● **TASK**
Would you restate the listing word for word, with the images omitted?

DATA PROVIDED section start

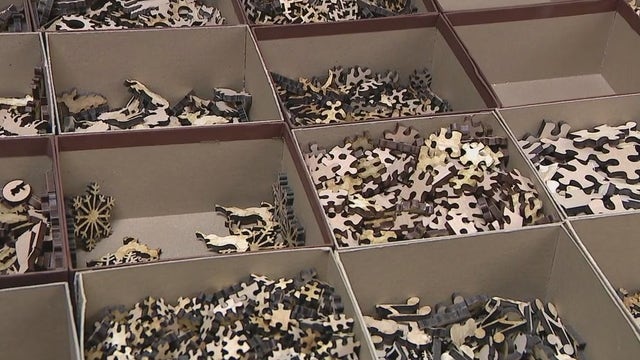 Phoenix puzzle shop sees business boom during pandemic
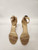 Used Stuart Weitzman Dress Sandals 12 60027-S001342911 View 1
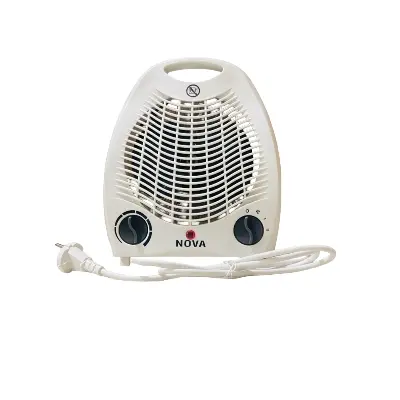 Picture of NOVA 2000W Room Heater for Indoor Use, 3 Heat Settings, Fan- Mode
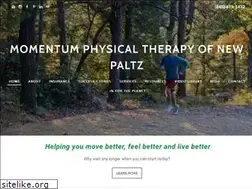 Sites similar to momentumptnp.com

DATA PROVIDED section end

● **PROBLEM SOLUTION**
 Phoenix puzzle shop sees business boom during pandemic
 Used Stuart Weitzman Dress Sandals 12 60027-S001342911 View 1
 Picture of NOVA 2000W Room Heater for Indoor Use, 3 Heat Settings, Fan- Mode
 Sites similar to momentumptnp.com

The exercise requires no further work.